(Data section):
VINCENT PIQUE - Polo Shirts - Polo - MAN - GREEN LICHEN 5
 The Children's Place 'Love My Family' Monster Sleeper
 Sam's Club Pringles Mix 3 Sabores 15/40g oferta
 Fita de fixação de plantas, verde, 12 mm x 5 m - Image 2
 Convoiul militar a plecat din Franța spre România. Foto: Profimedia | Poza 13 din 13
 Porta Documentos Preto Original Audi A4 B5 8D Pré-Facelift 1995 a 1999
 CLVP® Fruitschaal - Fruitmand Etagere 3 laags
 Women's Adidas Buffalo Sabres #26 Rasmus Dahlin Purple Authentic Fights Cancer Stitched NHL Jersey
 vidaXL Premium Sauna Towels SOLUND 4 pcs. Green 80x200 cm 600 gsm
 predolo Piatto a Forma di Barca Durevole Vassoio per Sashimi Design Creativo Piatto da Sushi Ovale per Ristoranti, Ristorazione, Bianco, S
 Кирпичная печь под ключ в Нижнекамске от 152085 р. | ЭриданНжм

(Exercise directions):
Every entry must be duplicated exactly as it stands.

(Solution to this problem):
VINCENT PIQUE - Polo Shirts - Polo - MAN - GREEN LICHEN 5
 The Children's Place 'Love My Family' Monster Sleeper
 Sam's Club Pringles Mix 3 Sabores 15/40g oferta
 Fita de fixação de plantas, verde, 12 mm x 5 m - Image 2
 Convoiul militar a plecat din Franța spre România. Foto: Profimedia | Poza 13 din 13
 Porta Documentos Preto Original Audi A4 B5 8D Pré-Facelift 1995 a 1999
 CLVP® Fruitschaal - Fruitmand Etagere 3 laags
 Women's Adidas Buffalo Sabres #26 Rasmus Dahlin Purple Authentic Fights Cancer Stitched NHL Jersey
 vidaXL Premium Sauna Towels SOLUND 4 pcs. Green 80x200 cm 600 gsm
 predolo Piatto a Forma di Barca Durevole Vassoio per Sashimi Design Creativo Piatto da Sushi Ovale per Ristoranti, Ristorazione, Bianco, S
 Кирпичная печь под ключ в Нижнекамске от 152085 р. | ЭриданНжм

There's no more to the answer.